Task for the records below: repeat the line containing "utilities with water heater" and every line after it, exactly and with nothing else, but leave out the pictures.

Brief descriptive captions
-=-=-
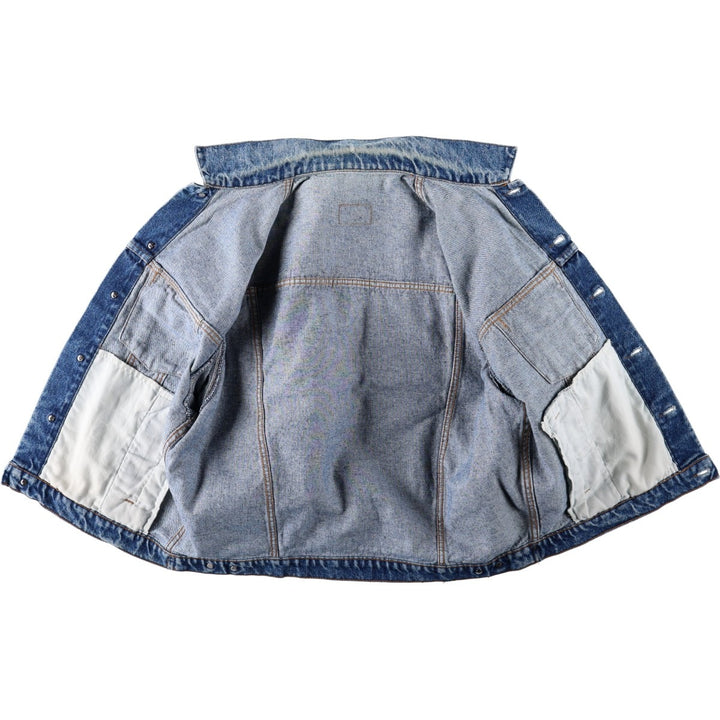 ~90'S Levi's 70502-07 Euro Model Denim Jacket (Men's XL equivalent) Vintage cotton blue type Vintage Second Hand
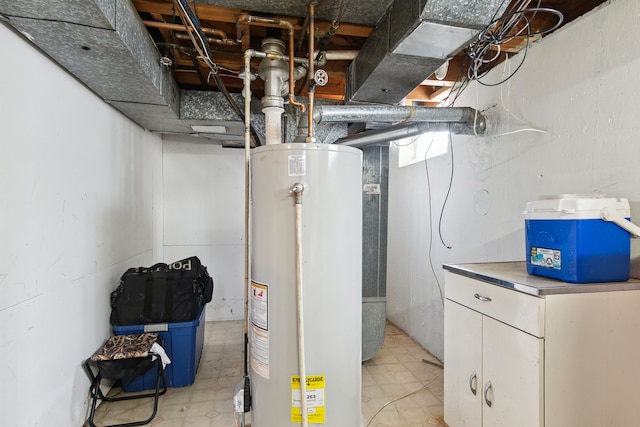 utilities with water heater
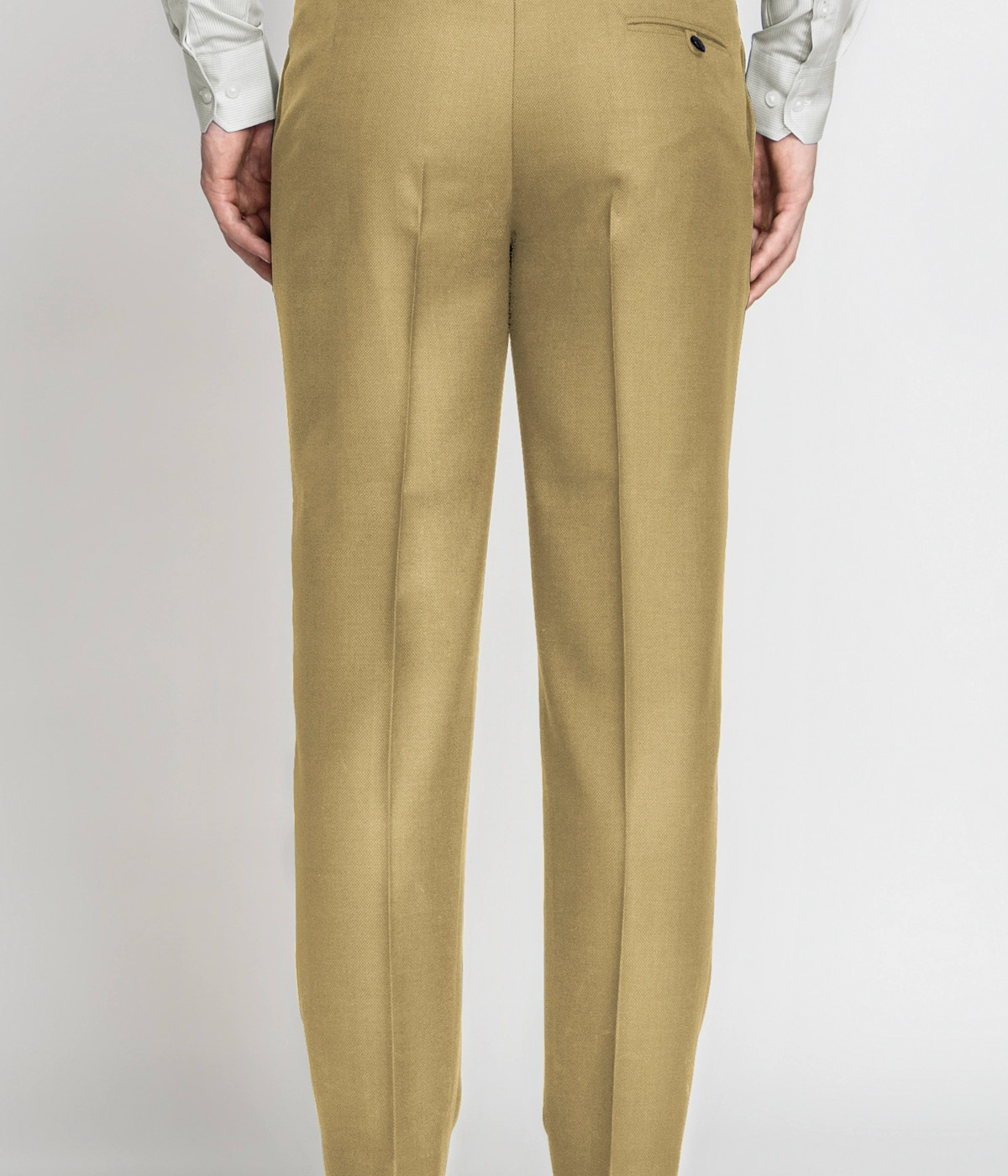 Golden Khaki Wool Pants- view-1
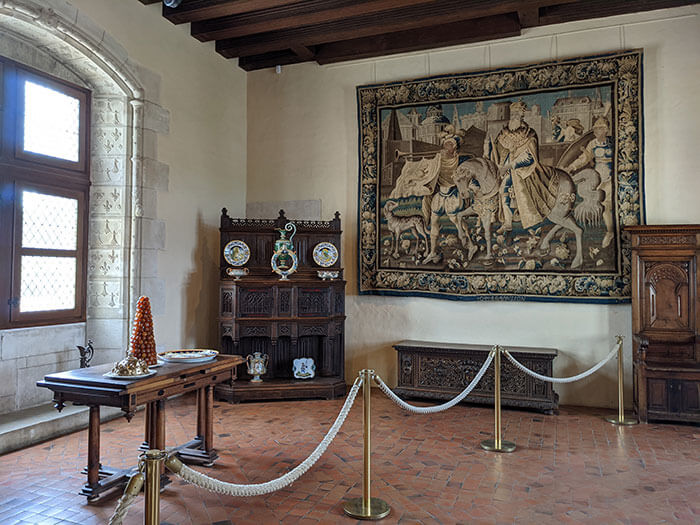 La grande chambre au château d'Amboise
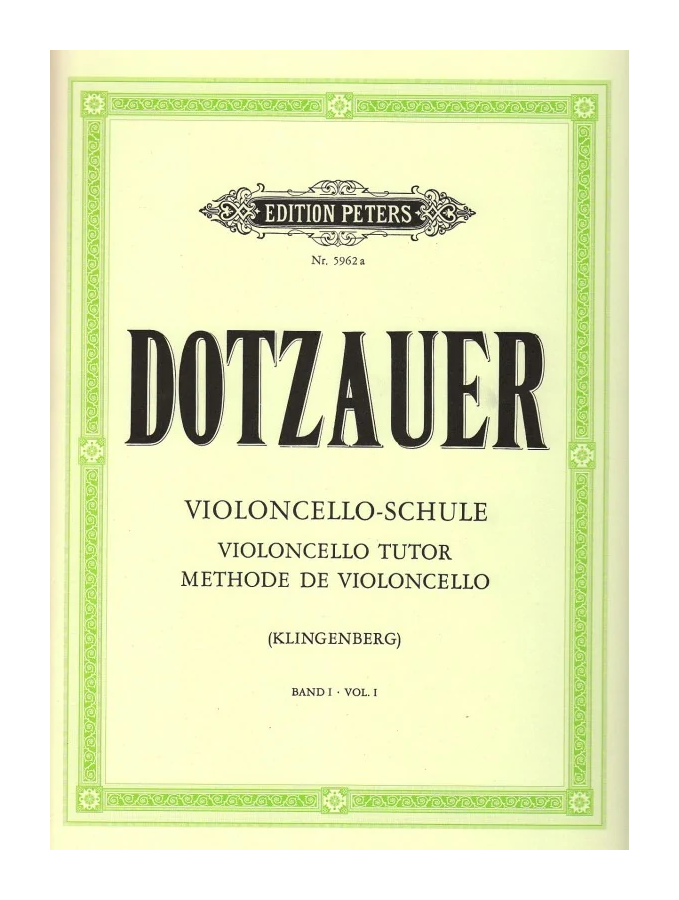 DOTZAUER Violoncello Schule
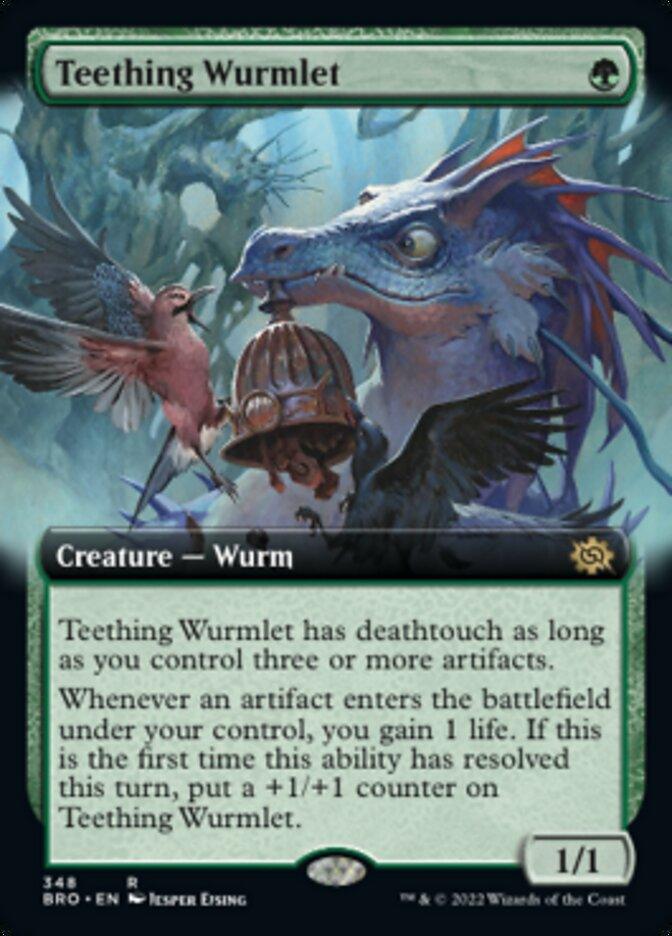 Teething Wurmlet (Extended Art) [The Brothers' War] - La Boîte Mystère ( The Mystery Box)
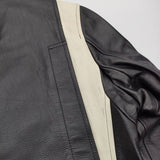 Paul Smith ライダースレザーブルゾン ダブル 牛革 定価154000円 274207 6483CLB ジャケット ブラック メンズ ポール・スミス【中古】5-0920T♪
-=-=-
## WRITTEN SOLUTION:
 utilities with water heater
 Golden Khaki Wool Pants- view-1
 La grande chambre au château d'Amboise
 DOTZAUER Violoncello Schule
 Teething Wurmlet (Extended Art) [The Brothers' War] - La Boîte Mystère ( The Mystery Box)
 Paul Smith ライダースレザーブルゾン ダブル 牛革 定価154000円 274207 6483CLB ジャケット ブラック メンズ ポール・スミス【中古】5-0920T♪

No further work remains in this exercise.